Source material.
*** Begin section ***

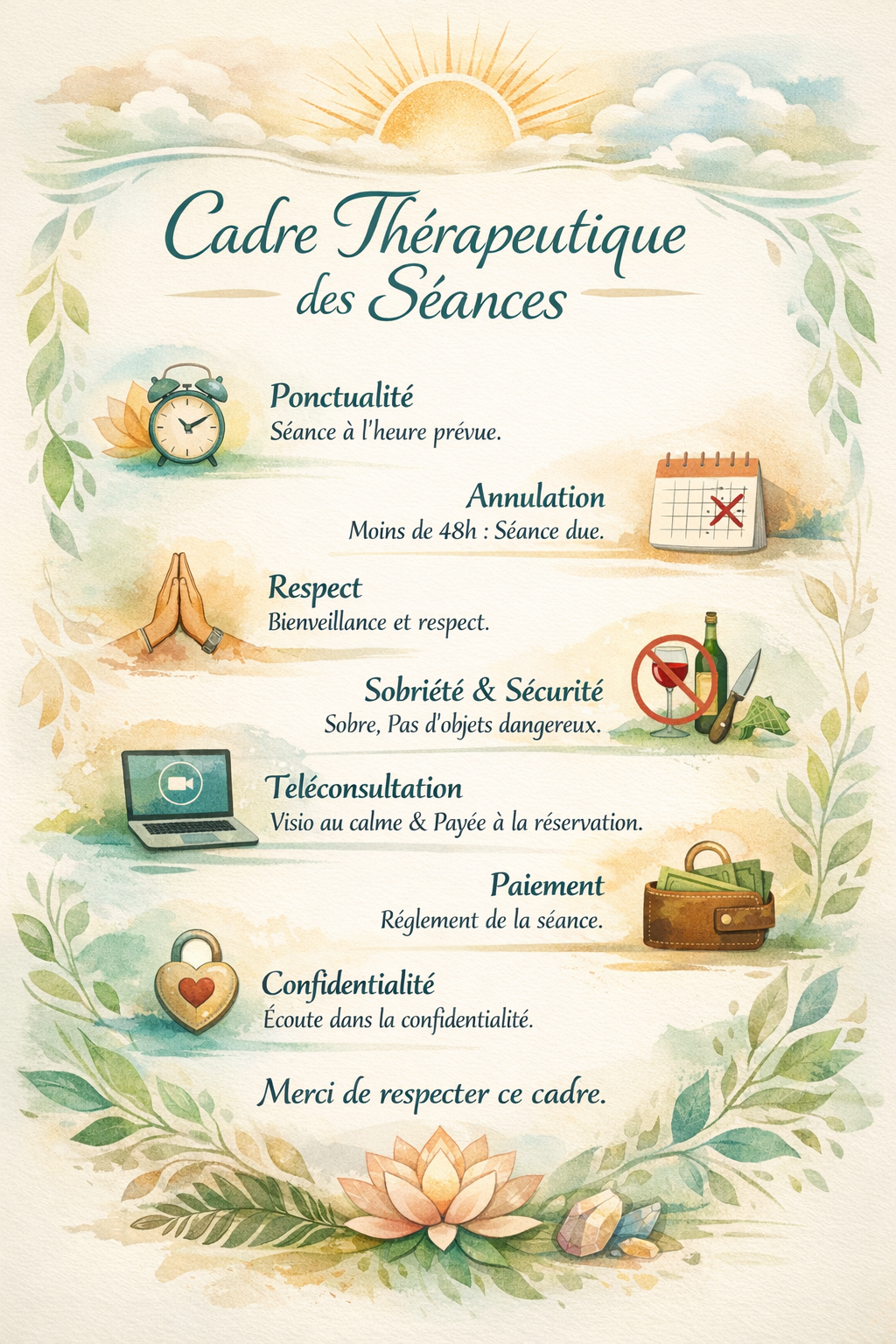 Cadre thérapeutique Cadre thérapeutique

*** End section ***
*** Begin section ***

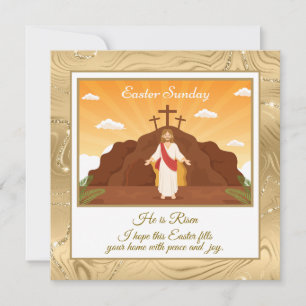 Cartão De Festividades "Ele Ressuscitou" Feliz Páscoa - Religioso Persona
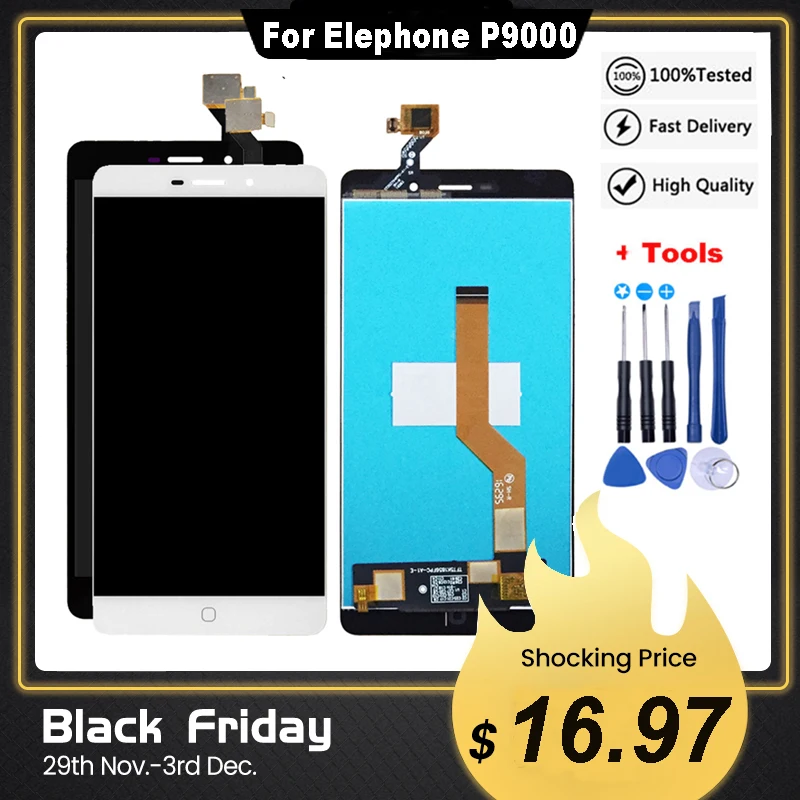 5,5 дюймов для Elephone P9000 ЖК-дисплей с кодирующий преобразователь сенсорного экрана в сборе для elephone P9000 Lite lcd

*** End section ***
*** Begin section ***

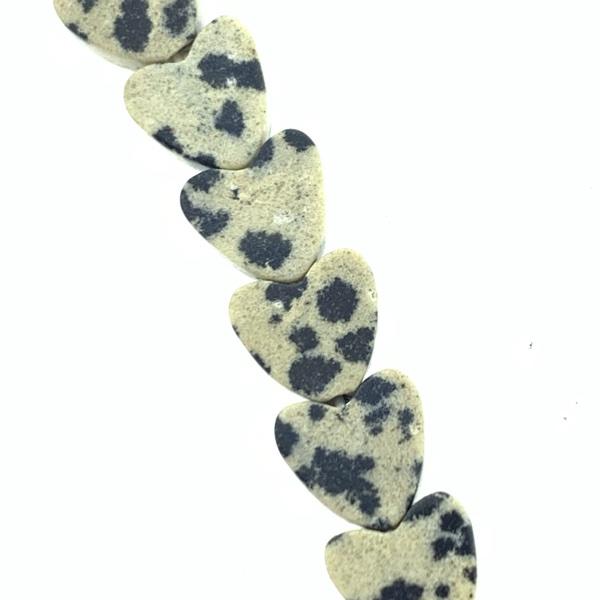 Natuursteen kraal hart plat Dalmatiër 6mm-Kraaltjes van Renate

*** End section ***

To do.
Leaving out all pictures, set down exactly the lines of the material above, from the line with "Cartão De Festividades" to the line with "5,5 дюймов для" inclusive, and no others.

Expected answer.
 Cartão De Festividades "Ele Ressuscitou" Feliz Páscoa - Religioso Persona
 5,5 дюймов для Elephone P9000 ЖК-дисплей с кодирующий преобразователь сенсорного экрана в сборе для elephone P9000 Lite lcd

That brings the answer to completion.